Auf eigenen Beinen stehen

Auf eigenen Beinen stehen

25. Januar 2022

Heute bin ich im Pflegeheim bei einem 94-jährigen Herrn Z., der an Gallenkrebs leidet. Seine Frau ist schon vor vielen Jahren verstorben, womit er sehr alleine ist. Ich werde auf sein Zimmer begleitet und Herr Z. will sofort wissen, wer ich bin. Im Gespräch mit ihm erzählt er mir, dass man nach einigen erfolglosen OPs nichts mehr für ihn tun kann. Das Trinken und Essen hat er schon seit ein paar Tagen eingestellt.

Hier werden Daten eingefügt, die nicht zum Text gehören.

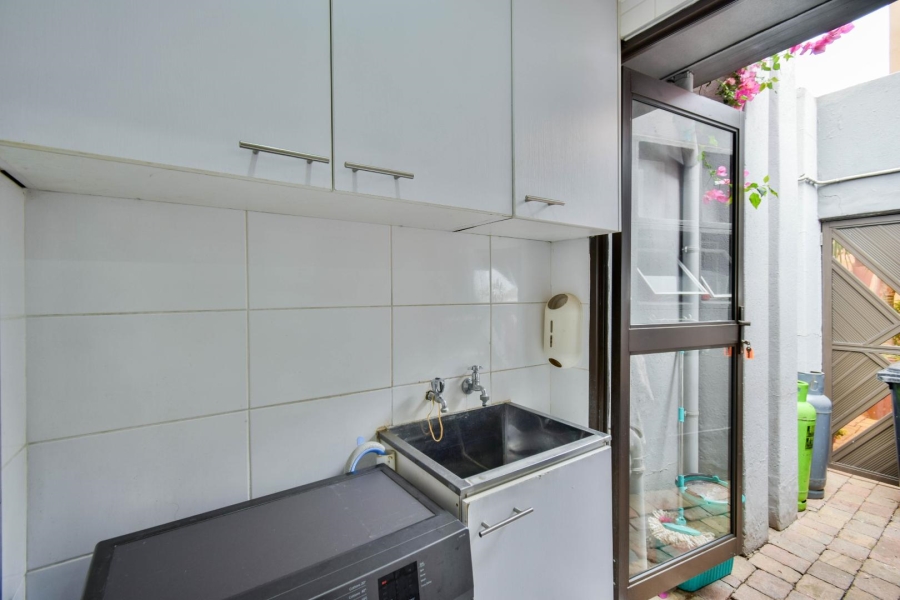 4 Bedroom Property for Sale in Faerie Glen Gauteng
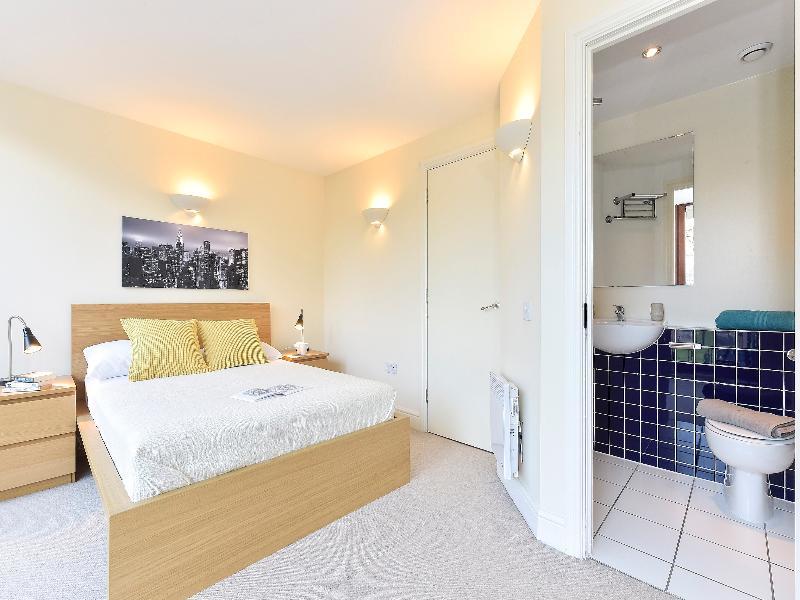 Amber Nike Apartments Лондон Экстерьер фото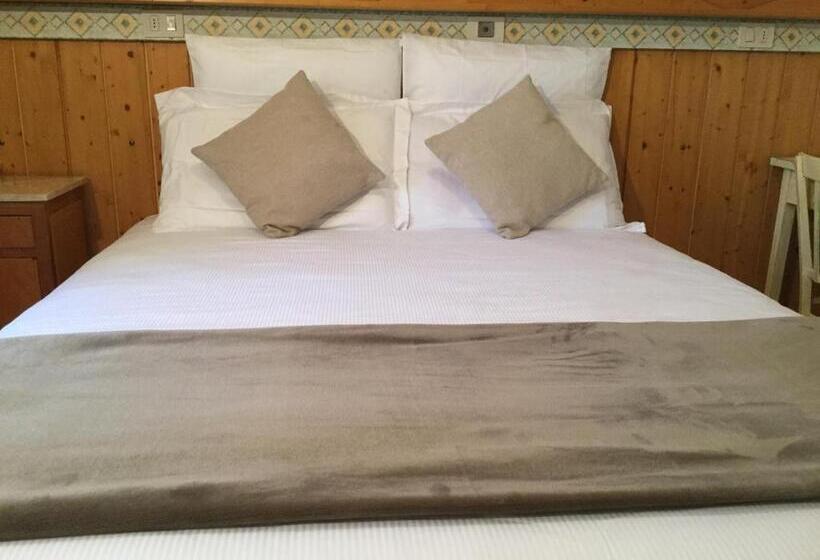 ホテル Albergo Ristorante Leso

Es ist ein ganz intensives Gespräch und Herr Z. öffnet sich immer mehr. Immer wieder nennt er mich Gerhard, ich scheine ihn an jemanden zu erinnern und so sind wir gleich sehr vertraut und auch per Du.


Nach zwei Stunden will er sich plötzlich im Bett aufsetzen und bittet mich um Hilfe. Er kommt mir sehr wackelig vor. Viele Sterbende möchten noch einmal auf ihren eigenen Beinen stehen. Als er an der Bettkante sitzt, atmet er schwer und zeigt auf seine am Boden liegende Tasche. Gespannt nehme ich die Tasche hoch und drücke sie ihm in die Hand. Mühevoll versucht er sie zu öffnen, aber er ist so schwach, dass er nicht einmal den Reißverschluss aufmachen kann. Zu meiner Überraschung holt er eine Mundharmonika heraus. Mein Besuch, so sagt er, habe ihn so erfreut, dass er mir zum Dank ein Lied vorspielen möchte. Es ist ein trauriges Lied und er bekommt Tränen in den Augen.


Ohne zu fragen, fülle ich ein Glas Wasser und sage, nun wird aber noch was getrunken. Er trinkt den ganzen Becher leer. Danach decke ich ihn zu und wünsche ihm eine gute Nacht. Ich muss ihm versprechen, dass ich wieder komme.